In the 1920s, Ramsay donated $100,000 to Alabama College (now the University of Montevallo) in honor of his mother, followed by another $100,000 donation to Alabama Polytechnic Institute (API—present-day Auburn University) in 1925. At the time, it was the single largest contribution to a state institution in Alabama history. The money was used to construct an engineering building, and in gratitude, the university named the building Ramsay Hall and granted Ramsay an honorary degree in mining engineering. Also in 1925, he gave a gift to Miles College, a historically black college in Jefferson County, toward remodeling the first building constructed at Miles College, subsequently renamed Erskine Ramsay Hall.

In addition to his gifts to colleges and universities, Ramsay also donated money to hospitals, the Boys and Girls Clubs of Central Alabama, and various churches. In 1930, while Ramsay was serving as the president of the Birmingham School Board, a local high school was named Ramsay High School in his honor. He received the William Lawrence Saunders Gold Medal in 1937 from the American Institute of Mining and Metallurgical Engineers, the highest honor given to mining engineers.
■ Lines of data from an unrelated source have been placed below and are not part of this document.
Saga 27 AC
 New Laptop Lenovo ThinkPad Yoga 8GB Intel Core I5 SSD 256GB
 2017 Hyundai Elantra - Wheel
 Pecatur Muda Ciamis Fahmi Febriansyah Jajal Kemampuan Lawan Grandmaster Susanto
Ramsay's final patent came in 1953, for mining innovations that allowed companies to obtain a larger percentage of coal from coal seams.

Ramsay was known for throwing lavish parties attended by powerful business and civic leaders. Ramsay never married and had no children, but he at one point offered families money if they would name a child after him; jazz musician Erskine Ramsay Hawkins is one of his namesakes.

Ramsay died in Birmingham on August 15, 1953, and was buried in Elmwood Cemetery. He was inducted into the Alabama Men's Hall of Fame in 1998.

Additional Resources

Childers, James Saxon. Erskine Ramsay: His Life and Achievements. New York: Cartwright and Ewing, 1942.